→ **EXERCISE DETAILS**: This exercise requires an exact output of the listing, images omitted.

→ **RECORDED INFORMATION**:
----

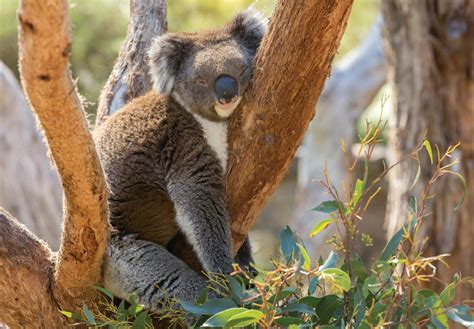 Cleland Wildlife Park | Visit Adelaide Hills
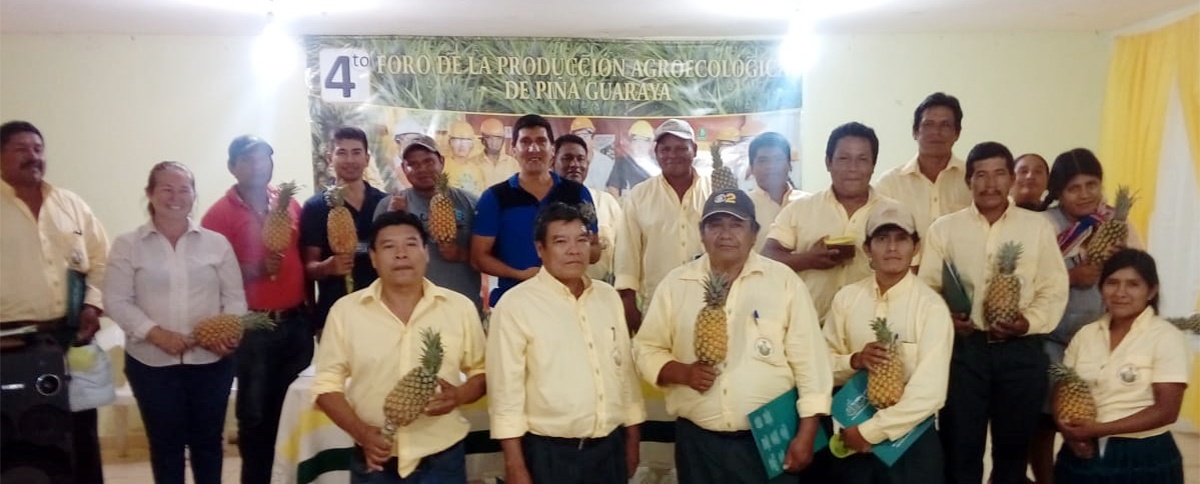 Productores proponen innovaciones tecnológicas y mejoras en la transformación y comercialización de la piña guaraya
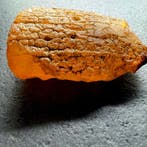 Grote natuurlijke Baltische amber ruwe steen 60,0 gram -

----

→ **EXERCISE ANSWER**:
 Cleland Wildlife Park | Visit Adelaide Hills
 Productores proponen innovaciones tecnológicas y mejoras en la transformación y comercialización de la piña guaraya
 Grote natuurlijke Baltische amber ruwe steen 60,0 gram -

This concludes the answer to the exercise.